Last week I asked him what he was reading. His reply:
To be honest, it's more a case of what I'm not reading, in that I have several books on the go for different purposes, and the extent to which I am "reading" any of them is debatable.Visit Julian Baggini's website.
The one I'm definitely reading is Steve Pinker's The Stuff of Thought, which I didn't quite finish in advance of his visit to Bristol's Festival of Ideas, which I am involved with. There's some really interesting stuff for thought in the book, particularly about competing theories of language. If you're tempted by the view that language tightly determines thought -- that we can only think about what we have words for -- Pinker has got some choice words for you.
However, like so many books that come out of the US, it's overly long in my view. Is there a rule that serious non-fiction from the States must be around 500 pages? (Pinker's index ends on page 499.) The many examples are interesting in a "well I never" kind of way, but the really fundamental arguments sometimes get lost in all the detail. It's a model negative example of the value of good editing.
Because I had to read Pinker to a deadline, I set aside Culture of Complaint by Robert Hughes.
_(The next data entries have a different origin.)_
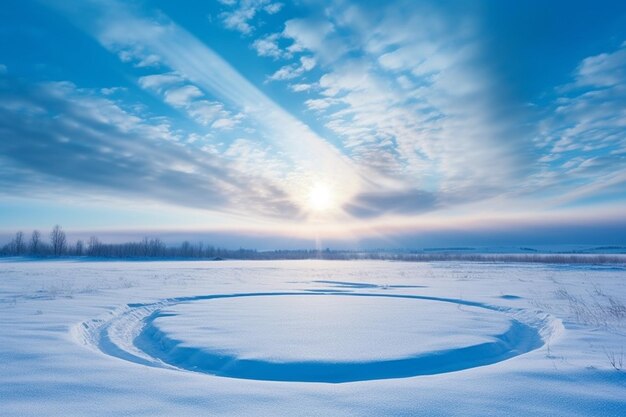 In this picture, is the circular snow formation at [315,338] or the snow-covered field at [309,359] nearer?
the snow-covered field at [309,359]

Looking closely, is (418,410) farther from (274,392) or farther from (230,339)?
(230,339)

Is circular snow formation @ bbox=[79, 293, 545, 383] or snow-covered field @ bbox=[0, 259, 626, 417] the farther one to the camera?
circular snow formation @ bbox=[79, 293, 545, 383]

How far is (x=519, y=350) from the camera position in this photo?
301 inches

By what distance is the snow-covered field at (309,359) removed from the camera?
13.2 ft

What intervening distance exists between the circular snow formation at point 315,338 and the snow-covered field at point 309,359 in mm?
32

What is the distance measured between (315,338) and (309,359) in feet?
4.95

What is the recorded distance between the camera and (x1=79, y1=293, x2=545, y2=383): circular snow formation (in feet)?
19.6

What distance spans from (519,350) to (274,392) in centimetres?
566

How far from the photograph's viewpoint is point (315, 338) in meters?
7.57

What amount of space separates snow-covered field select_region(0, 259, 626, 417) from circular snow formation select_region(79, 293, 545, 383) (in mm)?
32

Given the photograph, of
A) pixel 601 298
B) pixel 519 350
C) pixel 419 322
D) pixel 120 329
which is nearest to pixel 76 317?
pixel 120 329

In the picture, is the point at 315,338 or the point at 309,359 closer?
the point at 309,359

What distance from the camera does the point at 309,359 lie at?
6.07 metres

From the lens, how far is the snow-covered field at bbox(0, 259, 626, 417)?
4027mm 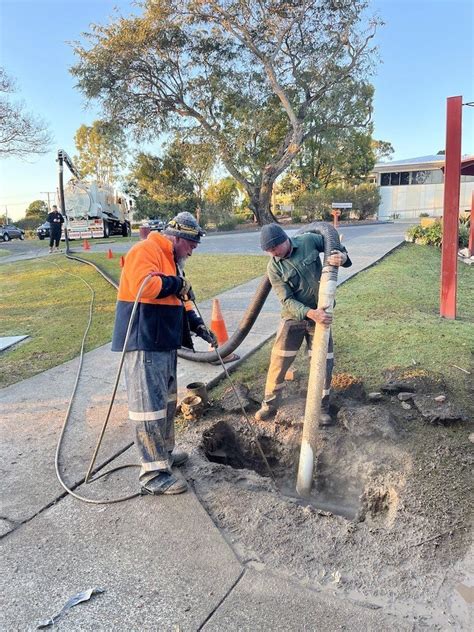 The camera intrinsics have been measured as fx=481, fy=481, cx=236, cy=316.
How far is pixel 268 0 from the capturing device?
23969mm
I'm writing a book on complaint and this seems to be the biggest book on the subject of recent years. The great irony is that Hughes's book is itself an unrelenting complaint about how we complain about everything. I might complain about that in my book.
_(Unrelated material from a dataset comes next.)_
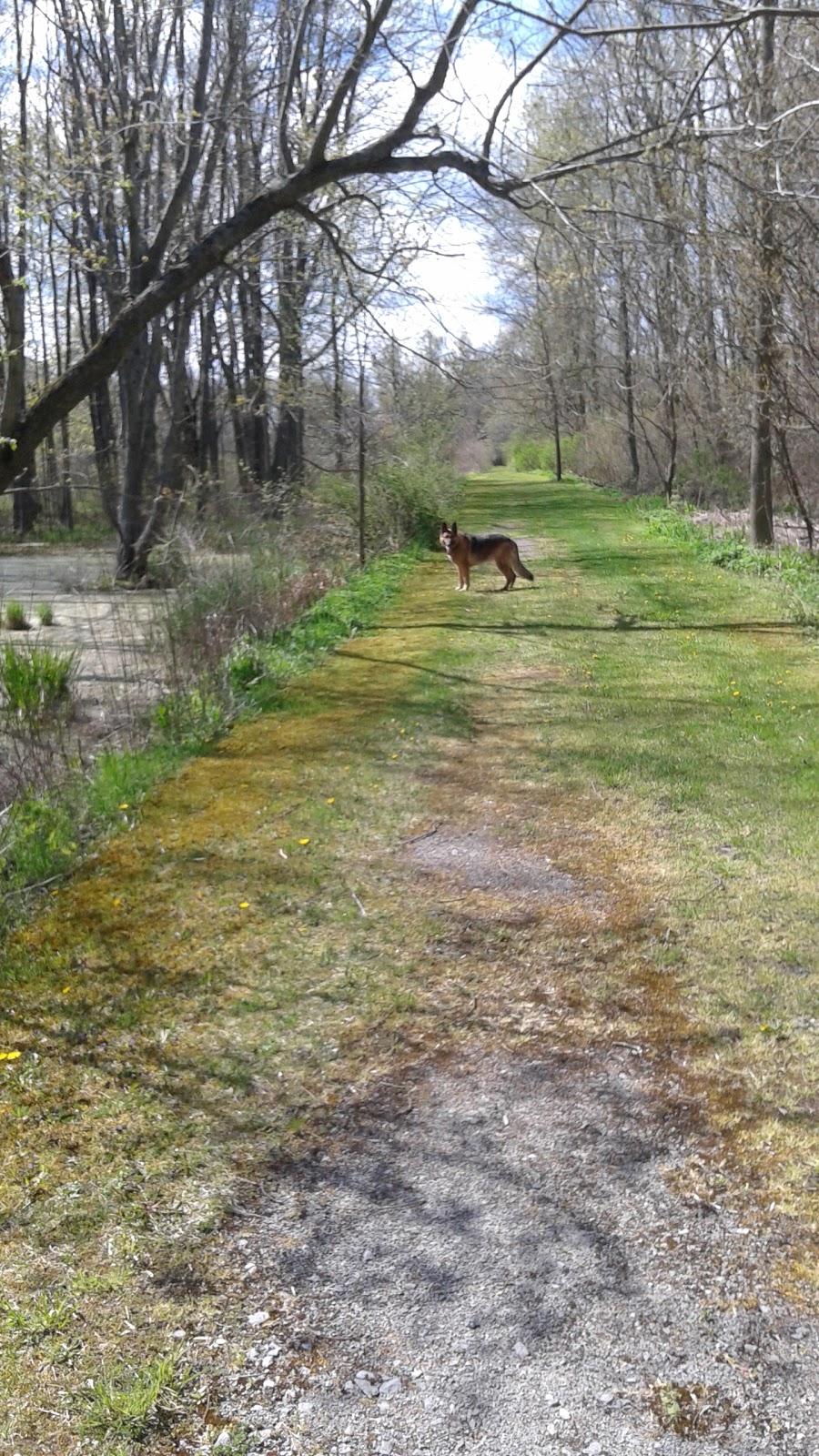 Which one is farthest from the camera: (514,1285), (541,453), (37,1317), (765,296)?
(541,453)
Researching the same book, I have been dipping into an anthology of Teachings of the Buddha edited by Jack Kornfield. I find it interesting how from one perspective Buddhism seems deeply ethical, yet it also teaches a kind of withdrawal from the world that other traditions would see as profoundly immoral. But my thoughts on this are still very unformed.
Susan Blackmore's The Meme Machine also has a bookmark towards the end of it. I've enjoyed it but suspect I've already got out of it what I need, but hate to leave a book unfinished when I'm so close to the end.
Finally, Lewis Wolpert's Malignant Sadness tells you everything about depression you would ever want to know. I like the information I'm getting but he's a very dry writer and I wish I could say I was enjoying it more. Maybe that's why it too is unfinished.